> **AIM OF THE EXERCISE**
Go through the listing below and write out exactly the lines from the one that mentions "Luxury Bottega Veneta" through the one that mentions "Vì Sao Quán", minus the pictures.

> **TASK INPUTS**
○ ○ ○

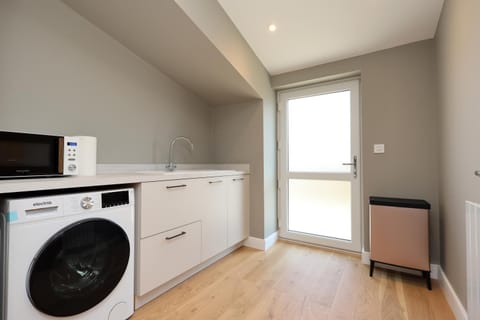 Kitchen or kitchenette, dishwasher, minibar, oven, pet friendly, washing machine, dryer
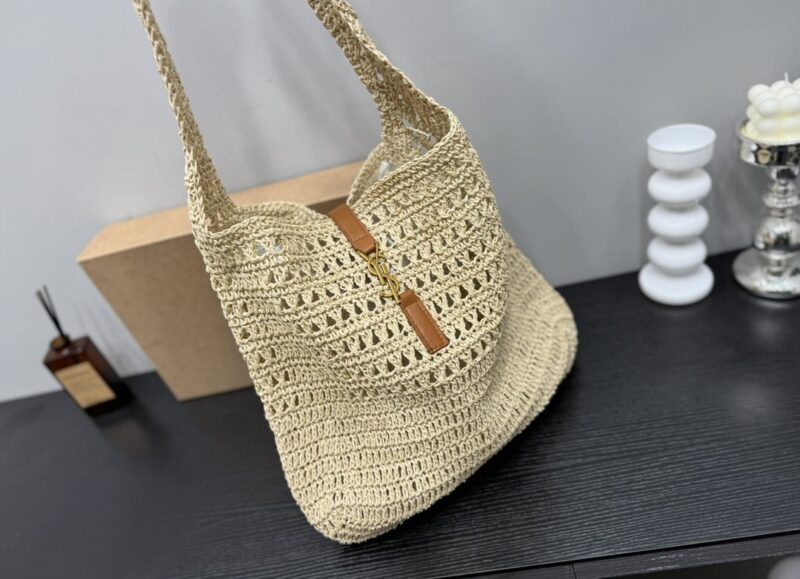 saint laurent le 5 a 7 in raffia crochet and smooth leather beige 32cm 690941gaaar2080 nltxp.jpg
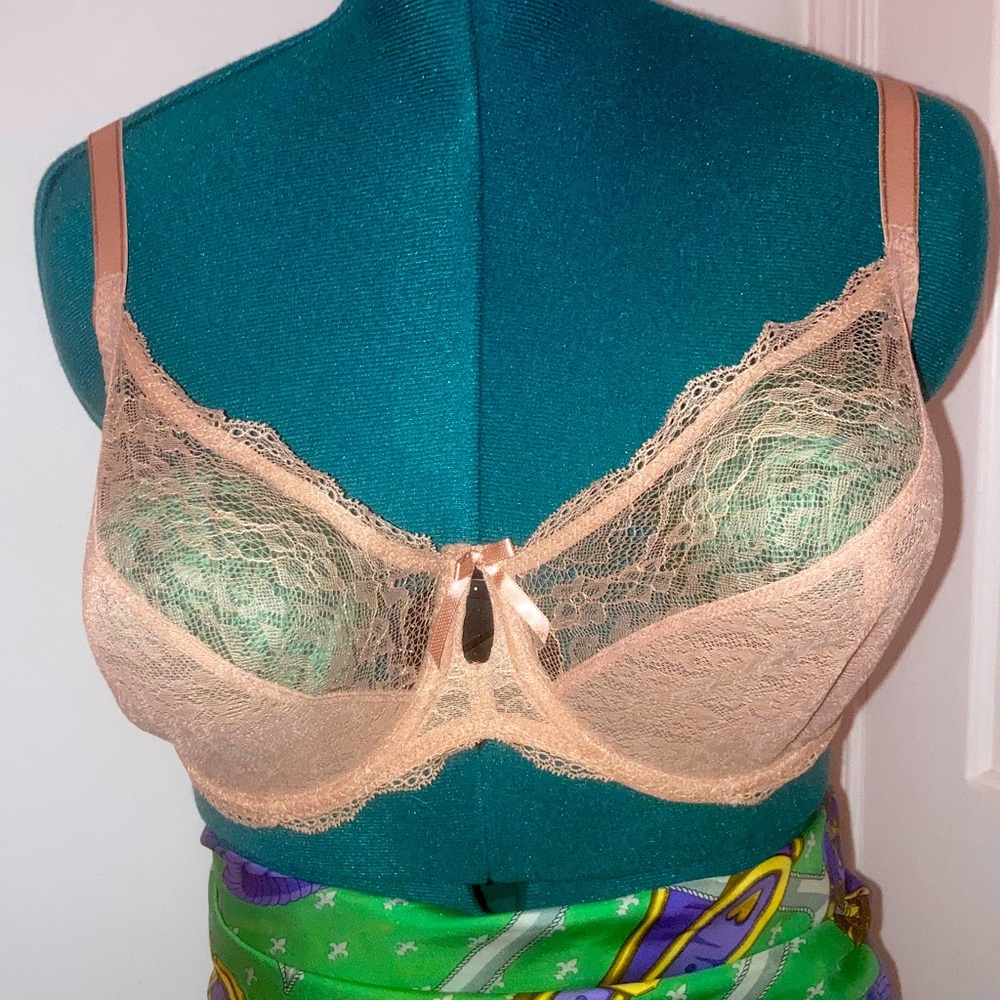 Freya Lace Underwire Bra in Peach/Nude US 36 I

○ ○ ○

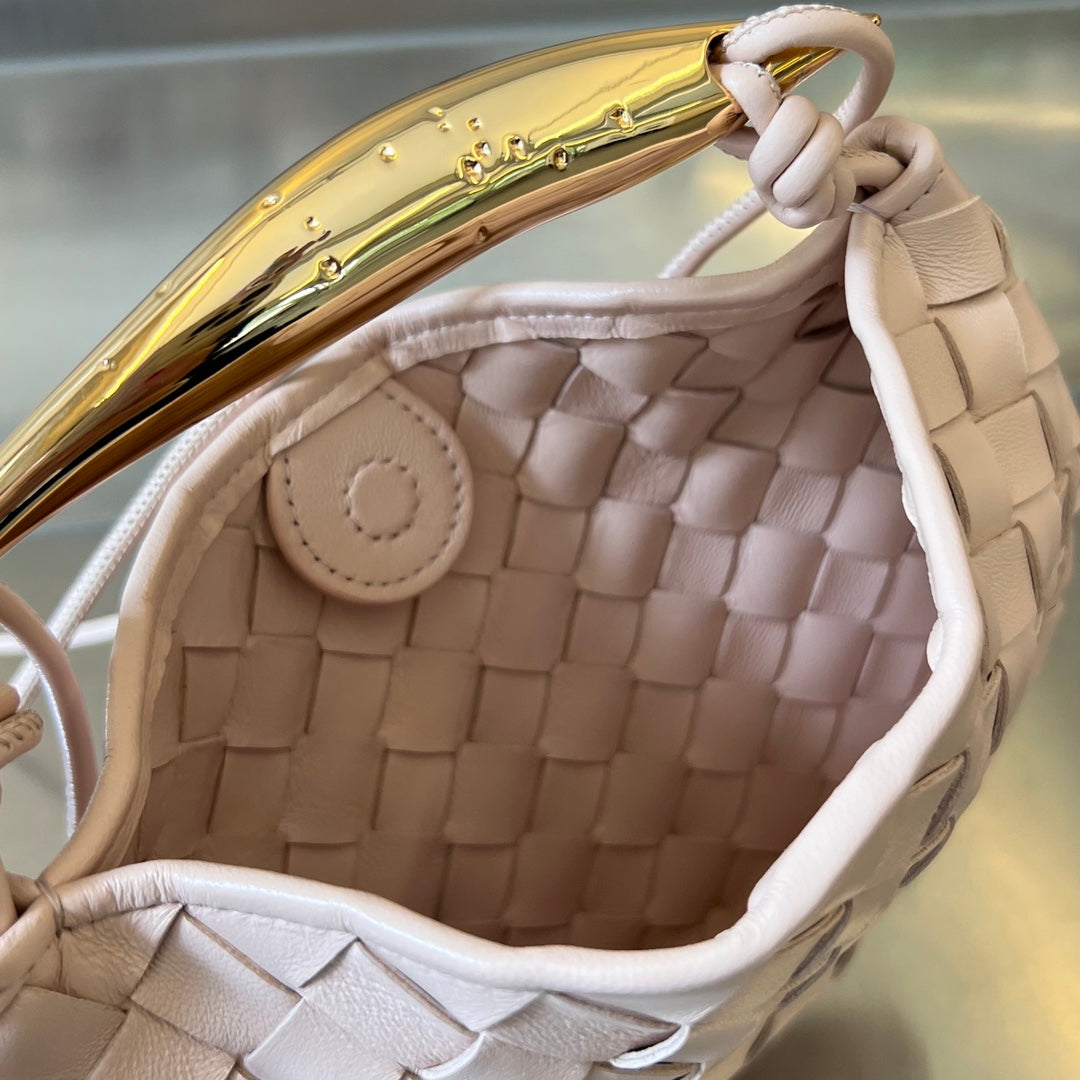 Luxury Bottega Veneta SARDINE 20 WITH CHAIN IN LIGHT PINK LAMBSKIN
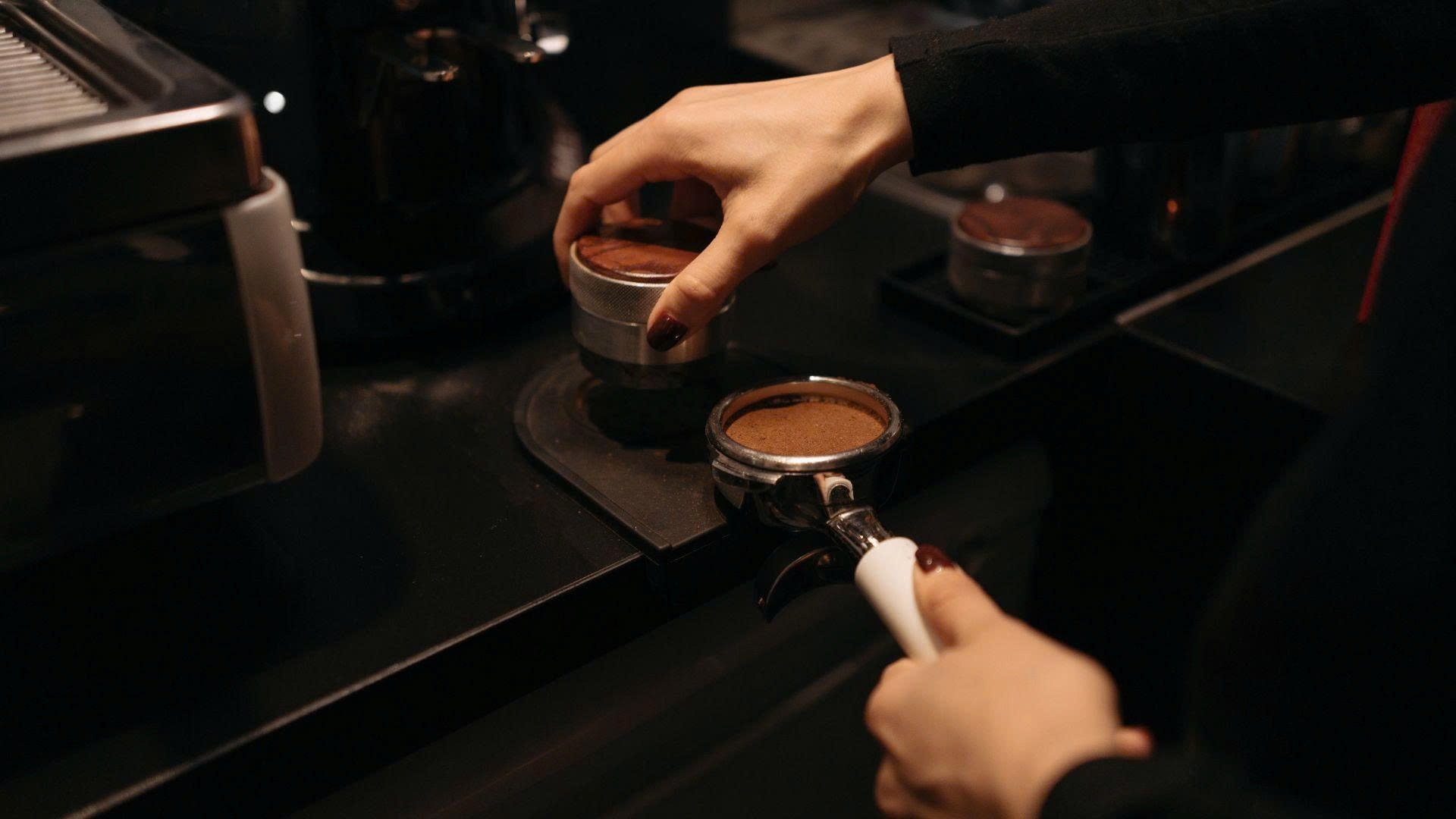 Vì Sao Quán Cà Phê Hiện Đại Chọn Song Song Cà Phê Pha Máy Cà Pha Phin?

○ ○ ○

> **EXERCISE ANSWER**
 Luxury Bottega Veneta SARDINE 20 WITH CHAIN IN LIGHT PINK LAMBSKIN
 Vì Sao Quán Cà Phê Hiện Đại Chọn Song Song Cà Phê Pha Máy Cà Pha Phin?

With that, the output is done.